### YOUR INSTRUCTIONS:
The required output is a verbatim transcription of the listing, pictures excluded.

### RECORDS SUPPLIED:
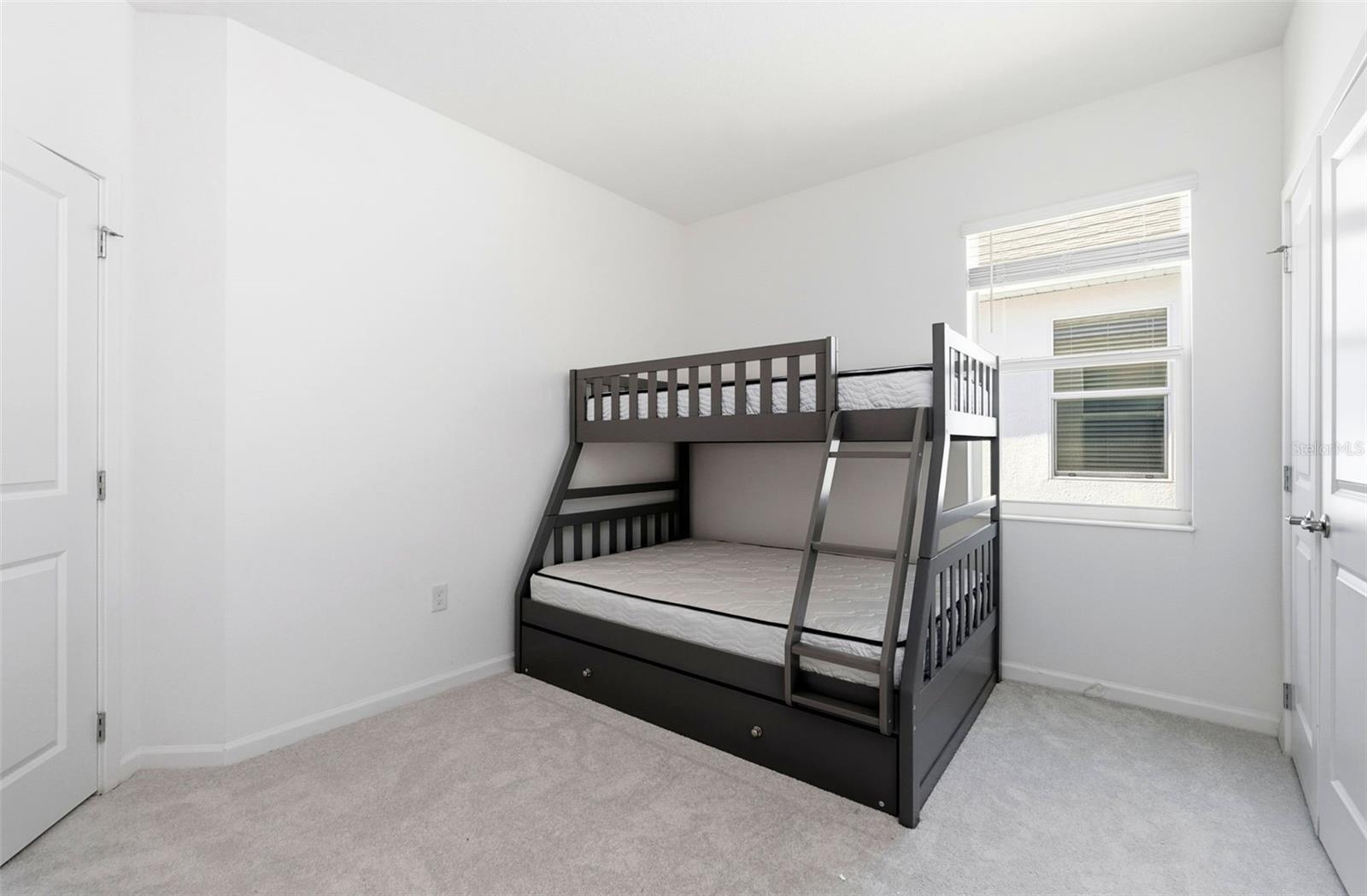 Image 30 of 38 For 4483 Monado Drive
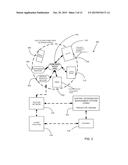 SECURE HEALTHCARE MANAGEMENT AND COMMUNICATION SYSTEM diagram and image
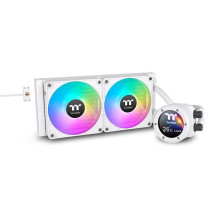 Thermaltake TH280 V2 Ultra...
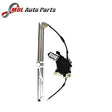 Rolcar Front Window Regulator CUH500220 Range Rover 2002 - 2009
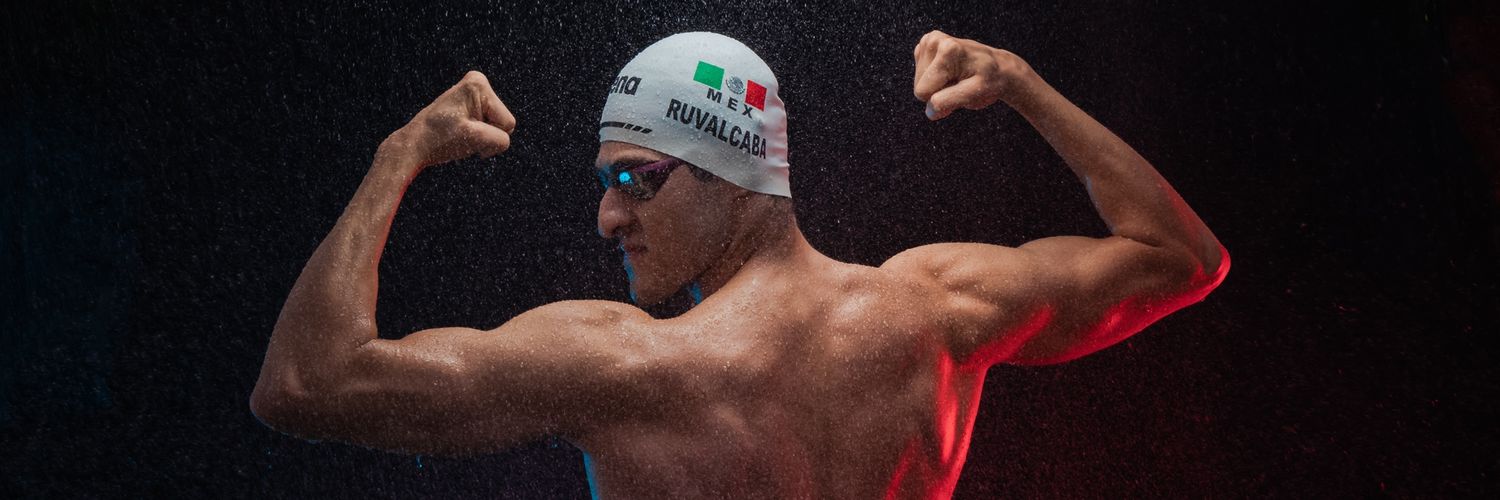 Hector Ruvalcaba Cruz banner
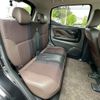nissan dayz 2019 -NISSAN--DAYZ 4AA-B45W--B45W-0007362---NISSAN--DAYZ 4AA-B45W--B45W-0007362- image 5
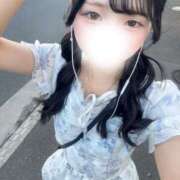 ヒメ日記 2025/07/14 21:34 投稿 ゆい E+アイドルスクール新宿・歌舞伎町店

### PROBLEM SOLUTION:
 Image 30 of 38 For 4483 Monado Drive
 SECURE HEALTHCARE MANAGEMENT AND COMMUNICATION SYSTEM diagram and image
 Thermaltake TH280 V2 Ultra...
 Rolcar Front Window Regulator CUH500220 Range Rover 2002 - 2009
 Hector Ruvalcaba Cruz banner
nissan dayz 2019 -NISSAN--DAYZ 4AA-B45W--B45W-0007362---NISSAN--DAYZ 4AA-B45W--B45W-0007362- image 5
 ヒメ日記 2025/07/14 21:34 投稿 ゆい E+アイドルスクール新宿・歌舞伎町店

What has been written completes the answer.